Segment Start: Information given
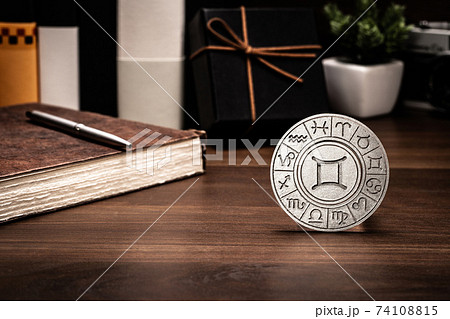 星座　占い　ふたご座 74108815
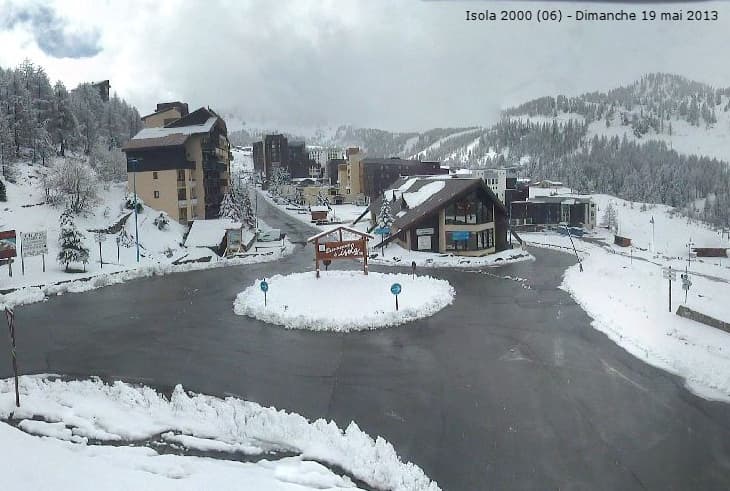 Image d'illustration pour Encore de la neige sur les Pyrénées et les Alpes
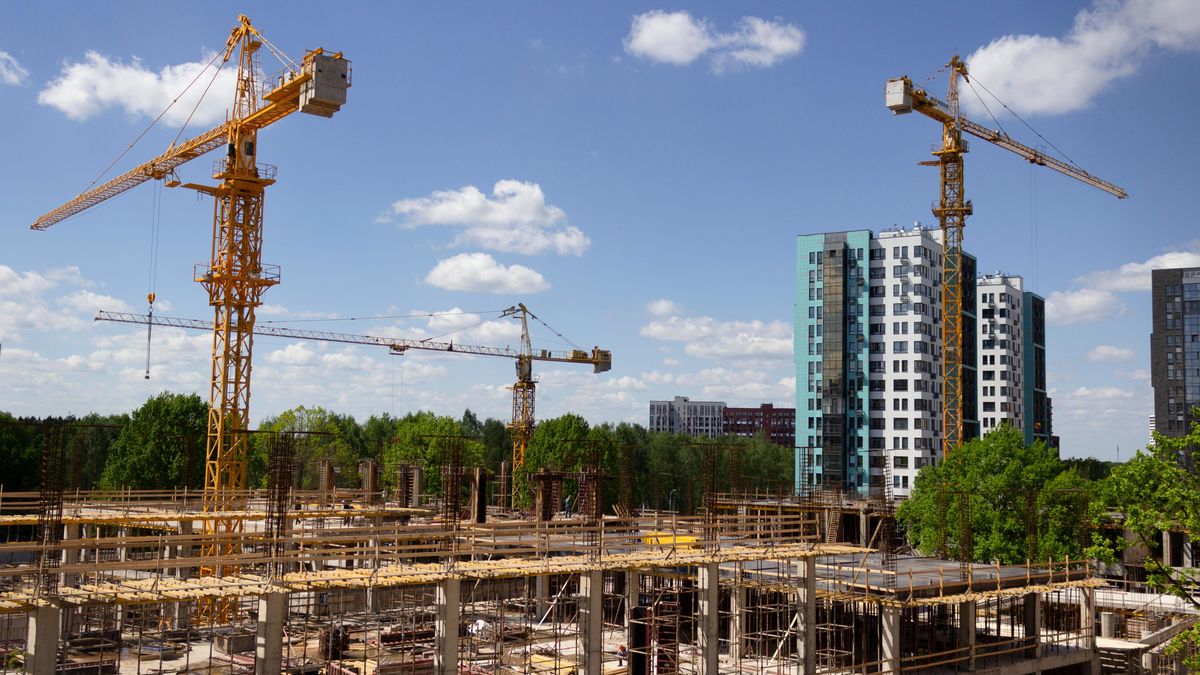 Centrální stavební úřad výstavbu zrychlí, věří stavebníci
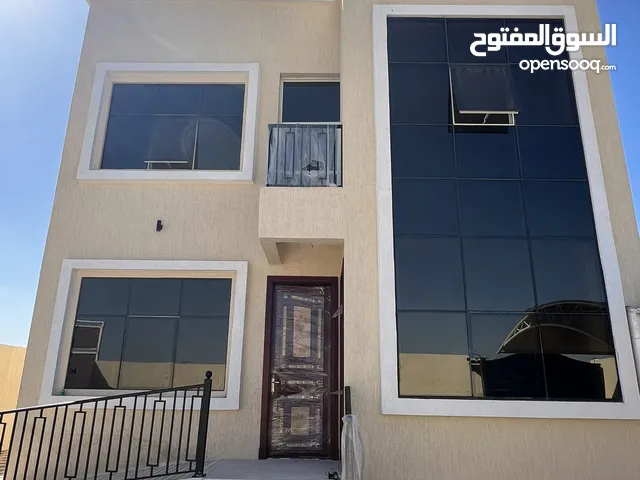 2500 ft 4 Bedrooms Villa for Sale in Sharjah Other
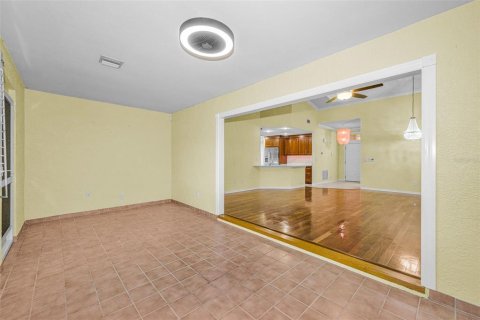 Condo in Sun City Center, Florida, 2 bedrooms  № 2150796 - photo 21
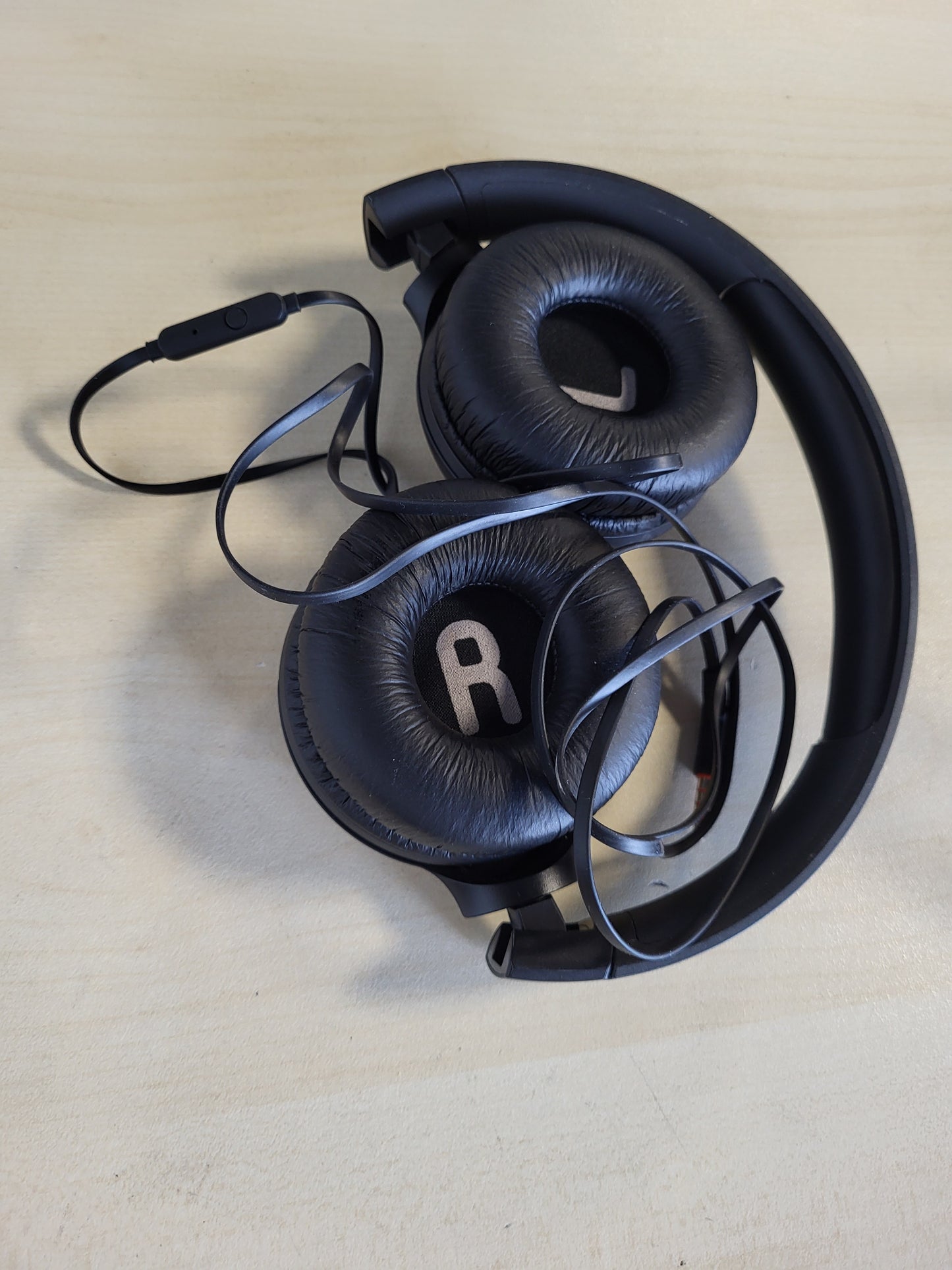 268439 - JBL Kufje T500BLK, me tela, kabllo të sheshtë kundër ngatërrimit
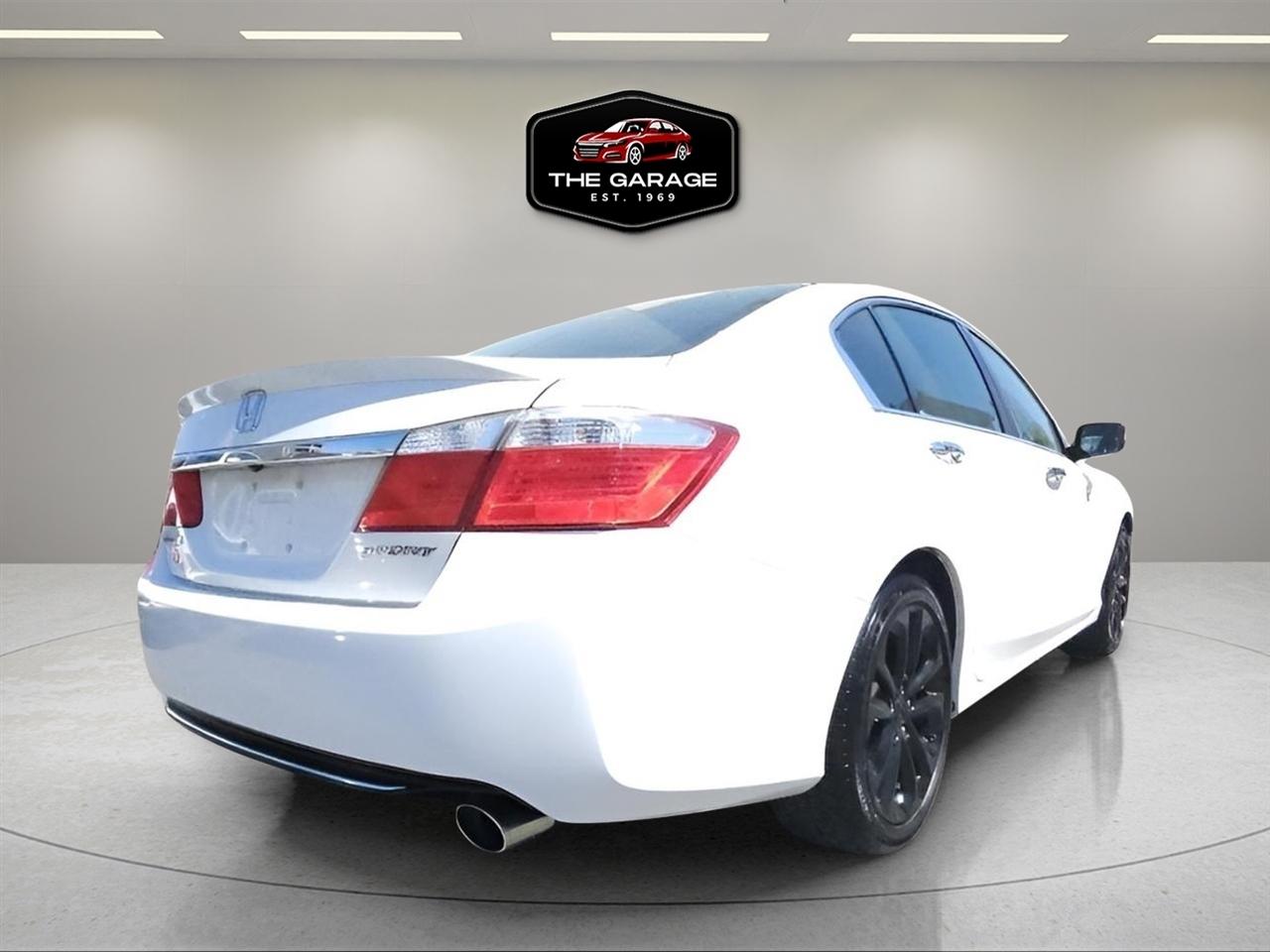 Honda Accord Sdn  2013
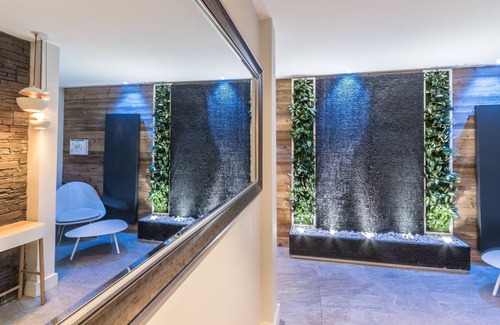 Arc-2000 Cottage | Sleeps 14 guests in 7 bedrooms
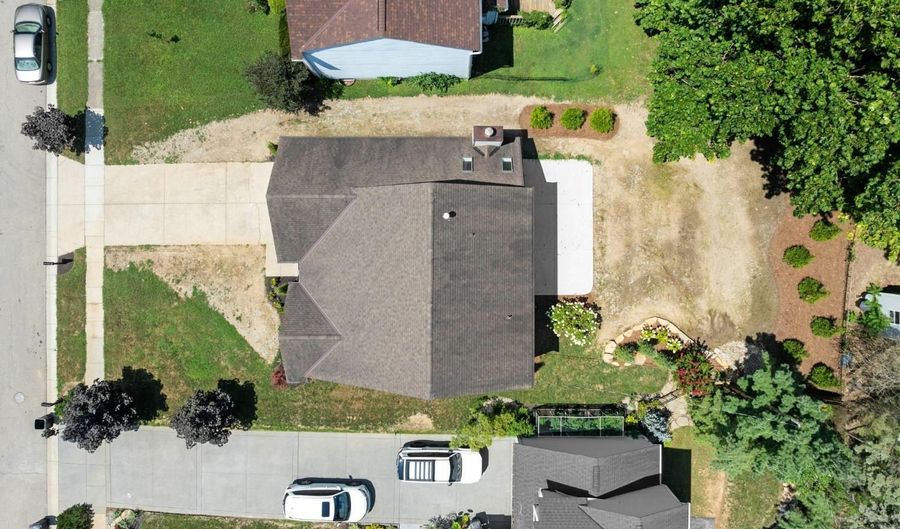 8240 Woodglen Dr, Anderson Twp., OH 45255 - 3 Beds, 3 Bath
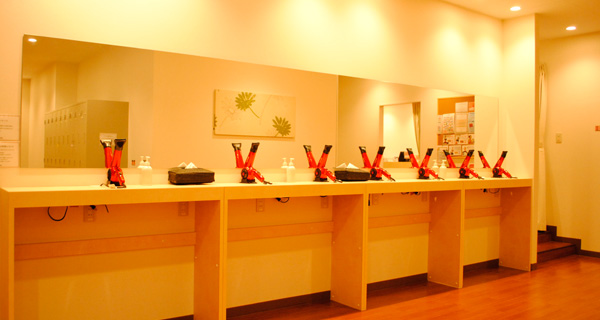 LAVA竹ノ塚店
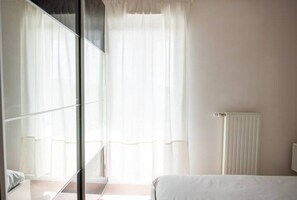 2 bedrooms, iron/ironing board, travel cot, free WiFi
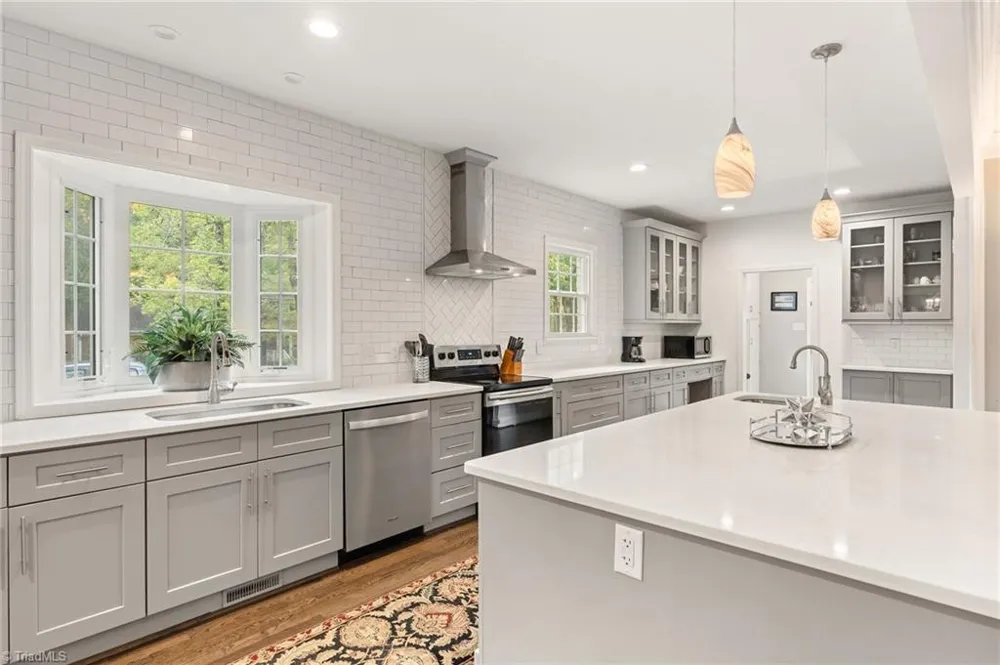 706 W Cornwallis Drive Greensboro, NC 27408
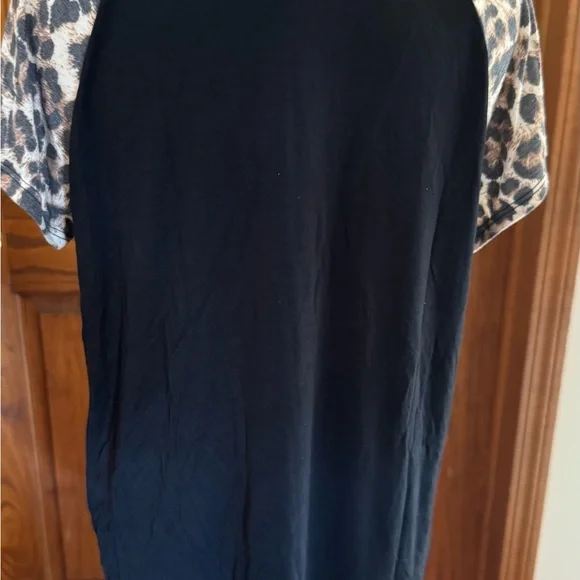 Acting Pro Womans Large Black Shirt with short Leopard Print Sleeves. NWOT.soft - Picture 3 of 5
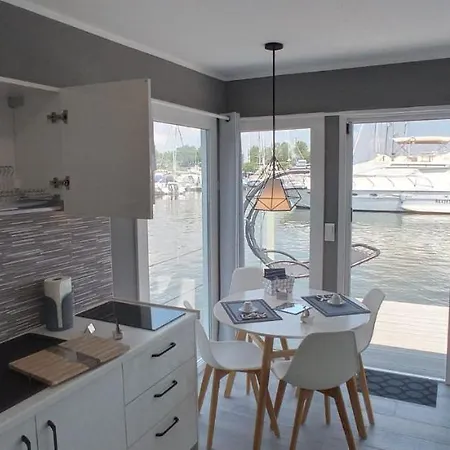 Marina Degli Estensi Floating - House Boat *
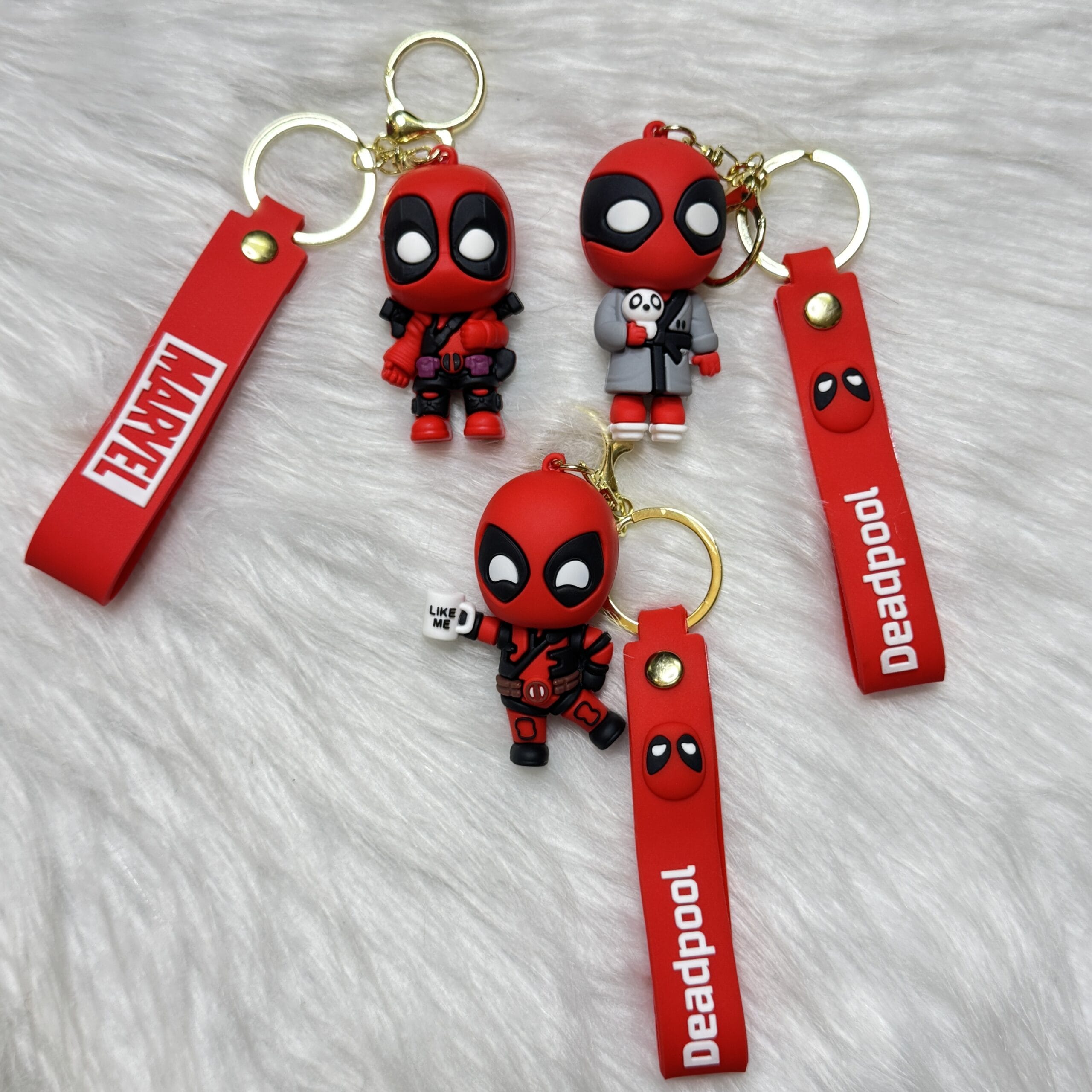Wolverine vs Deadpool keychain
Segment End: Information given
Task details:
Extract all the data above exactly, excluding every picture.

Completed exercise:
 星座　占い　ふたご座 74108815
 Image d'illustration pour Encore de la neige sur les Pyrénées et les Alpes
 Centrální stavební úřad výstavbu zrychlí, věří stavebníci
 2500 ft 4 Bedrooms Villa for Sale in Sharjah Other
 Condo in Sun City Center, Florida, 2 bedrooms  № 2150796 - photo 21
 268439 - JBL Kufje T500BLK, me tela, kabllo të sheshtë kundër ngatërrimit
 Honda Accord Sdn  2013
 Arc-2000 Cottage | Sleeps 14 guests in 7 bedrooms
 8240 Woodglen Dr, Anderson Twp., OH 45255 - 3 Beds, 3 Bath
 LAVA竹ノ塚店
 2 bedrooms, iron/ironing board, travel cot, free WiFi
 706 W Cornwallis Drive Greensboro, NC 27408
 Acting Pro Womans Large Black Shirt with short Leopard Print Sleeves. NWOT.soft - Picture 3 of 5
 Marina Degli Estensi Floating - House Boat *
Wolverine vs Deadpool keychain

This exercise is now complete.